Modern olimpiyat oyunları, bu evrensel prensiplere rağmen uzunca bir süredir temel ilkelerine bağlılığı üzerinden tartışmalara konu olmakta, olimpiyatlar hemen her dönem ekonomik ve politik çıkarların gölgesinde gerçekleştirilirken yarışmalara katılan ülkelerin mağlubiyet veya üstünlükleri, ülkelerin mağlubiyet veya üstünlüğü olarak görülmekte, bu politik bakış ve tartışmalar, spor oyunlarını gölgede bırakmaktadır. Bunun nedenini, Uluslararası Olimpiyat Oyunları’nın modern devletler düzeni ile yakından ilişkisinde aramak gerekmektedir.
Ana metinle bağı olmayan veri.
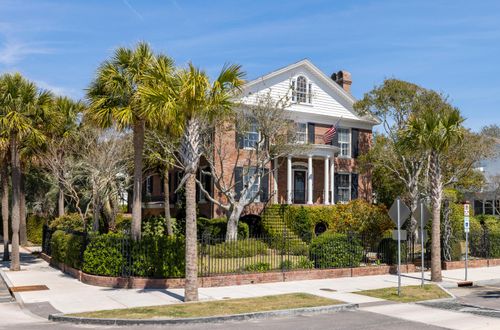 28 Murray Blvd, Charleston, SC, 29401-2350 | Card Image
Doğrudan kamuoyuna ulaşma gücüyle kültürel diplomasi çalışmalarına hizmet eden spor etkinlikleri, hükümetler için kamuoyu yönlendirmelerine açık bir platform sağlamaktadır. Uluslararası saygınlığı ve bilinirliğiyle dev bir spor organizasyonu olan olimpiyatların halkla ilişkiler ve propaganda biçiminde sahip olduğu kayda değer yumuşak güç potansiyeli, onun diplomasi için elverişli bir araç olarak kabul edilmesini sağlamaktadır. Siyaset üstü olma iddiasındaki IOC’un Birleşmiş Milletler’de (BM) statüsü olan bir kuruluş olarak belirli ülkelerin ve lobilerin hegemonyasında, sahip olduğu ideolojik ve politik kontrol gücünün olimpiyat organizasyonlarına yansımaları da bunu göstermektedir. IOC’un modern devletler düzeniyle iç içe geçmiş yapısı, Olimpiyat Organizasyonlarının dış politikada daha da fazla araçsallaştırılmasını sağlamaktadır.
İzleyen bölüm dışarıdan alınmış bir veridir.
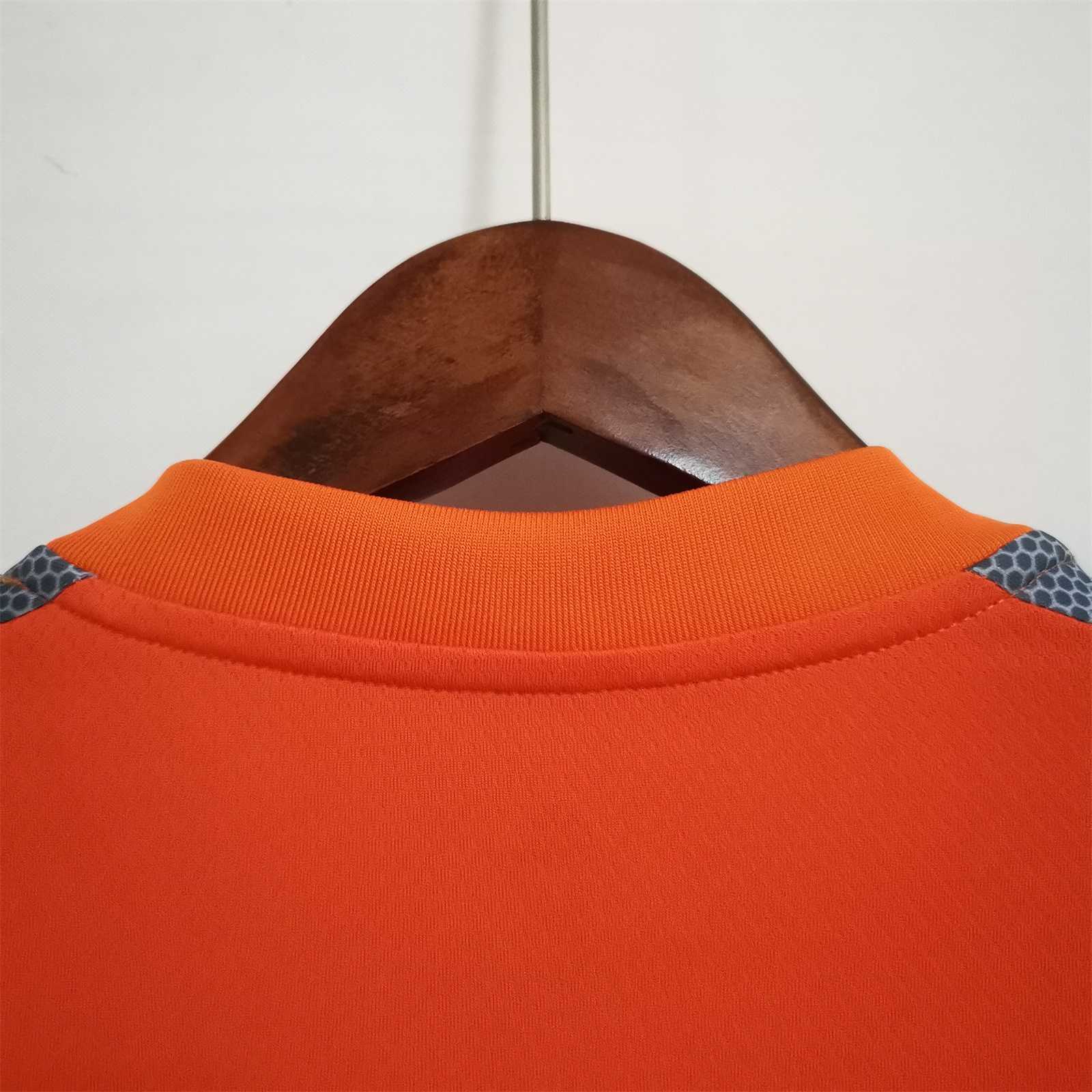 22-23 University of Chile orange training suit 8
Olimpiyat kurallarında “hiçbir siyasi, dini ya da ırksal propagandaya izin verilmeyeceği” ifade edilmekle birlikte olimpiyatların bugün olduğu gibi geçmişte de bir propaganda aracı olarak kullanıldığı görülmekte, ilki 1896’da Atina’da düzenlenen modern olimpiyat tarihinde bu konuda çok sayıda örnek bulunmaktadır. Paris 2024 Yaz Olimpiyat Oyunları’nı da bu örneklere eklemek mümkündür. Batı toplumunun dünyaya yaymak istediği değerler ve güttüğü politikalar, olimpiyatlar aracılığıyla, çoğu genç milyonlarca izleyiciye ulaştırılmış, zihinlerinde etki oluşturmak amaçlanmıştır. Olimpiyatları salt spor müsabakaları olarak takip eden izleyicilerin LGBT propagandası başta olmak üzere Paris Olimpiyatları’nda verilen tüm mesajlara derinlikli bir bakış açısıyla bakmaları, propaganda çalışmalarının etkilerinden sıyrılmalarını sağlayacaktır.